Ismail Alwan al-Tamimi, a lawyer from Wasit governorate, has mounted a legal challenge before the federal supreme court in which he accuses Prime Minister Nuri al-Maliki and Speaker of Parliament Usama al-Nujayfi for “unconstitutionally” appointing three deputy prime ministers (Salih al-Mutlak, Hussein al-Shahristani and Rosch Shways). Apart from its intrinsic interest as a case of a tentative constitutional challenge to the much-criticised practice of ethno-sectarian quotas in Iraq’s post-2003 political culture, the move will also draw some attention for the fact that Tamimi was also involved in a past challenge in 2010 against the then temporary speaker of parliament (Fuad Masum of the Kurdistan Alliance) for prolonging the “first session” of the parliament indefinitely and thereby postpone the political process – a matter where the federal supreme court actually sided with those who challenged the temporary speaker. Additionally, Tamimi works for the embattled governor of Kut/Wasit – a governorate dominated politically by Maliki’s own State of Law Alliance.

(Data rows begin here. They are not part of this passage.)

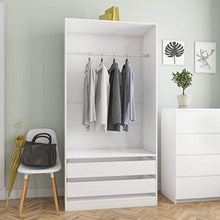 Tidyard Armadio Bianco Lucido 100x50x200 cm in Truciolato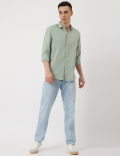Linen Mix Plain Spread Collar Shirt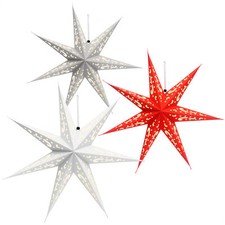 3x Leuchtstern in 3D mit LEDs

Alas, Tamimi’s challenge is a complete waste of time. His argument is that the constitutional enumeration of two vice-premiers belongs to the section of the constitution that related to the now bygone transitional period of 2005–2010. That in itself is of course correct. But the more important point is this: There is nothing constitutional that prevents Maliki from appointing any number of vice premiers if he thinks that is politically advisable. He can have one, three, or, for that matter, ten. Briefly, the constitution says nothing about the number of ministers, and only political wisdom will limit the imagination in this regard. Some will of course say that this limit has already been overstepped, but the point is that Maliki can constitutionally appoint ministers for the moon and the sun if he so desires, and then add deputies. What this all boils down to is that it is political not a constitutional question and if the prime minister wants to appoint a ludicrous number of placemen then it is his prerogative to do so and it is the role of the parliament – not the federal supreme court – to pass its verdict.